Todos alzaron la vista y vieron un punto negro en el cielo que se aproximaba con rapidez. Solo cuando estuvo más cerca, todos pudieron ver con claridad: era una persona que llegaba sobre una espada voladora.
Al ver a esta persona, los miembros de la Secta de Regreso al Cielo exultaron. La voz del Gran Anciano tembló al exclamar: —Líder de la Alianza Su…

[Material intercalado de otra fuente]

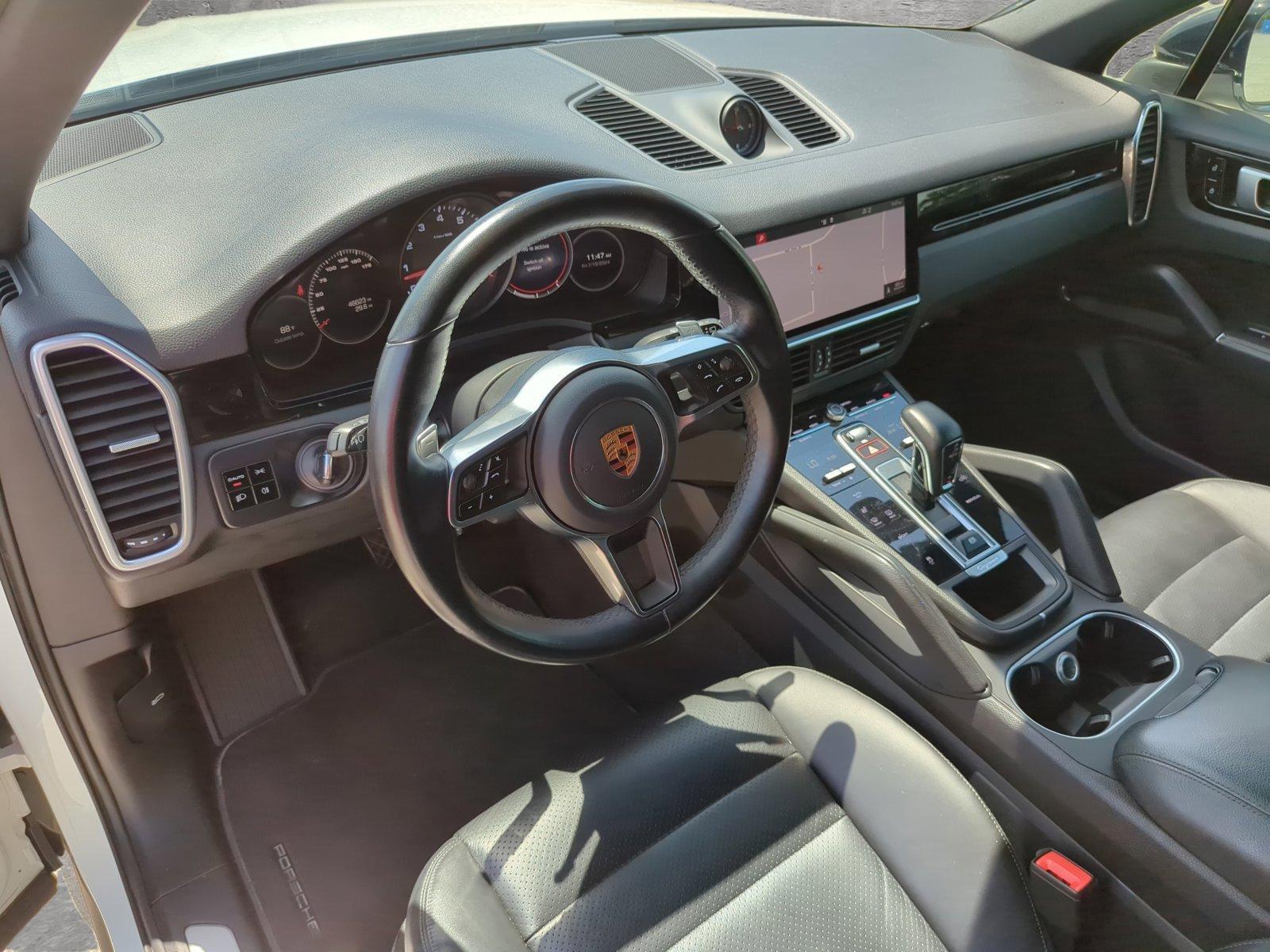 2019 Porsche Cayenne Vehicle Photo in Margate, FL 33063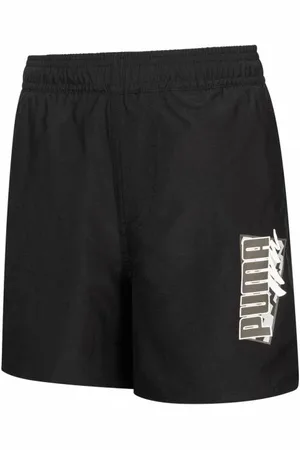 PUMA Podstawowe + Tkane Dzieci Szorty 847325-51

Se le quebró la voz, y los demás también tenían lágrimas en los ojos. En ese momento, ¿qué podía ser más emocionante que la llegada del poderoso Su Yang?
El semblante de Nie Fengshan cambió drásticamente, y dijo con voz grave: —¿Es ese el Maestro Su?
—¿Y quién pensabas que era? —. Mientras hablaba, Su Yang ya había aterrizado en el suelo, justo al lado del Gran Anciano y los demás.
El rostro de Nie Fengshan se ensombreció aún más. Solo había oído hablar de la reputación de Su Yang y nunca lo había visto en persona. Sin embargo, por la información difundida por Liao Yuxuan y otros, se había convencido de que la fuerza de Su Yang no era formidable, creyendo que todo se debía al apoyo de Ye Jiansheng y Lian Wanxiong. Por eso la Familia Nie había actuado con contundencia, atacando a la Secta de Regreso al Cielo, y él incluso deseaba derrotar al propio Su Yang para acrecentar su fama.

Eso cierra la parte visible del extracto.